Giriş

Resmi olarak İslam Konferansı Örgütü veya İİT olarak bilinen İslam İşbirliği Teşkilatı, Kudüs’teki El Aksa Camii’nin kundaklanmasına karşı bir tepki olarak 22-25 Eylül 1969’da Fas’ın Rabat kentinde doğdu. İİT’nin kurucu sözleşmesi, 1972 yılında İslam ülkelerinin Dışişleri Bakanlarının yer aldığı bir konferansta oluşturuldu. Örgüt, kuruluşunda bu yana geçen yaklaşık yarım asırda oldukça büyüdü. Şu an, 57 üyesi ve 1,5 milyardan fazla insanı temsil kapasitesiyle, “Birleşmiş Milletler’den sonra dünyanın en büyük hükümetlerarası örgütü.”[1] Soğuk Savaş’ın iki kutuplu dünyasında bu örgütün uluslararası politikada pek görünürlüğü yoktu ancak şimdi, neredeyse tüm büyük ülkeler ve uluslarası örgütler İİT ile doğrudan bağlara sahip. Peki, İİT günümüz uluslararası politikası açısından neye tekabül ediyor? Beklentileri karşılayabildi mi? Elli yıl önceki potansiyeli neydi ve bu potansiyelinin ne kadarını gerçekleştirdi? Örgüt için yeni fırsatlar söz konusu mu? Örgütün tam potansiyeline ulaşmasının önündeki güçlükler neler? Bu makalede, yukarıdaki soruların cevaplarını bulmak için İİT’nin temel faaliyetlerini inceleyecek ve analiz edeceğiz.

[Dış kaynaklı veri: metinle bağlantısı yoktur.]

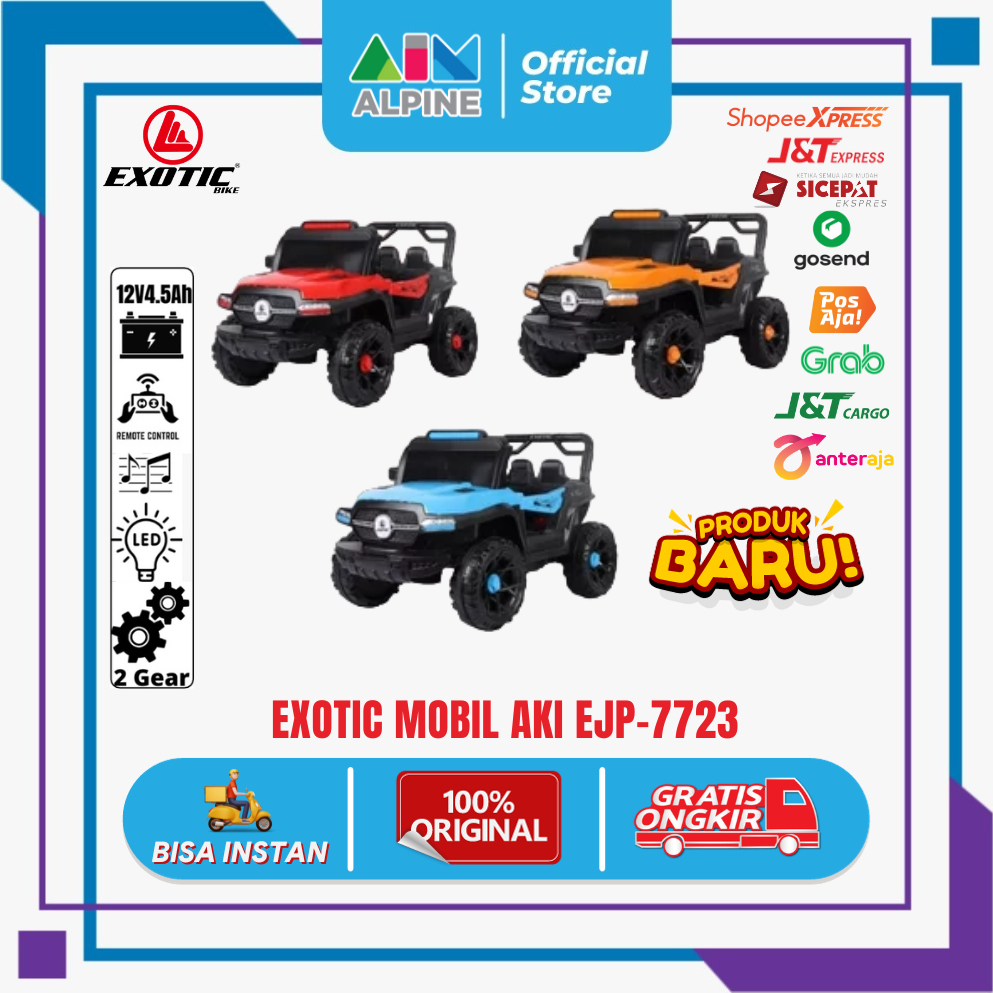 MOBIL AKI ANAK  EXOTIC RECHARGEABLE JEEP EJP-7723 BISA MANUAL DAN REMOTE (FREE ONGKIR WILAYAH MAKASS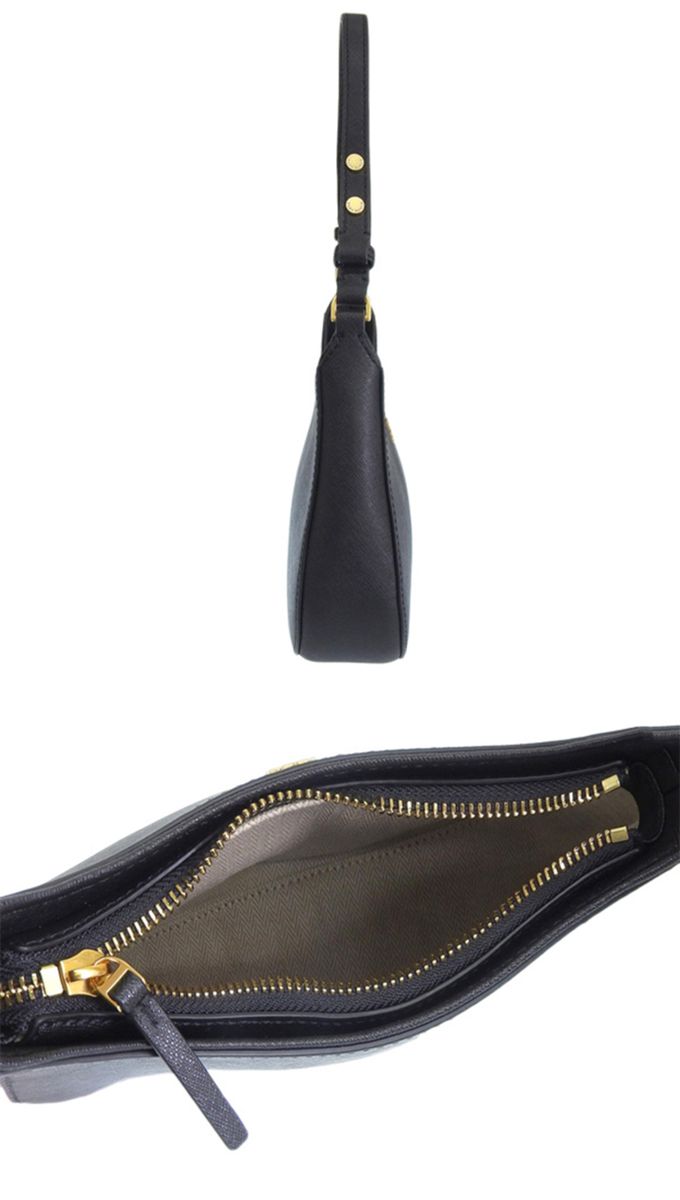 TORY BURCH - 簡約皮革雙T-LOGO肩背包 (黑)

Bağımsızlığını yeni kazanan, Müslüman nüfusun çoğunlukta olduğu birçok ulus devletin ideolojik olarak bölünmüş olduğu bir dönemde doğan İİT, geleneksel dini karakteriyle özgün bir platform olmuştur. Üye devletler kurucu sözleşmede “İslam’ın birlik ve kardeşlik değerlerinin rehberliğinde hareket edileceğini ve uluslararası arenada ortak çıkarları savunabilmek için üye devletler arası birliğin ve dayanışmanın güçlendirileceğini, ayrıca Birleşmiş Milletler Sözleşmesi, İİT Sözleşmesi ve uluslararası hukuk kapsamında verilen taahhütlere bağlı kalınacağını” beyan etmişlerdir.[2] Üye devletler, ayrıca, “İslam’ın daimi öğretilerinden ilham alarak ekonomik, bilimsel, kültürel ve manevi alanlarda yakın işbirliğini” tesis etmek arzularını ortaya koymuşlardır. Müslümanların birlik olma arzusu, Peygamber Hz. Muhammed (SAV) tarafından MS 7. yüzyılda tebliğ edilen Kur’an’ın rehberliğine dayanmaktadır.[3] Birlik olma fikri, halifelik kurumu sayesinde 20. yüzyılın başlarına kadar devam etmiştir. Ancak 1923-24’te, halifelik kurumu, Türkiye Büyük Millet Meclisi tarafından ilga edilince yeni bir durum ortaya çıkmıştır. Müslüman liderler, halifeliğin ilgasını takiben Müslümanların birliğini gündeme getirdikleri konferanslar ve müzakereler gerçekleştirmiştir. 1926’da biri Kahire’de (13-19 Mayıs) ve diğeri hac mevsiminde Mekke’de (7 Haziran-5 Temmuz) olmak üzere iki konferans gerçekleşmiştir.[4] Müslümanların birliği için bir platform oluşturma konusundaki en büyük zorluk, o dönemde İslam dünyasının çoğunun doğrudan veya dolaylı olarak Avrupa’nın sömürge yönetimi altında olmasıydı. Ancak, İkinci Dünya Savaşı’nın ardından, nüfusunun çoğunluğu Müslüman olan birçok bağımsız ulus devlet dünya sahnesine çıkmış ve yeni fırsatların doğduğu bir ortamda İİT kurulmuştur. Kundaklama hadisesi bu bakımdan katalizör görevi görmüştür.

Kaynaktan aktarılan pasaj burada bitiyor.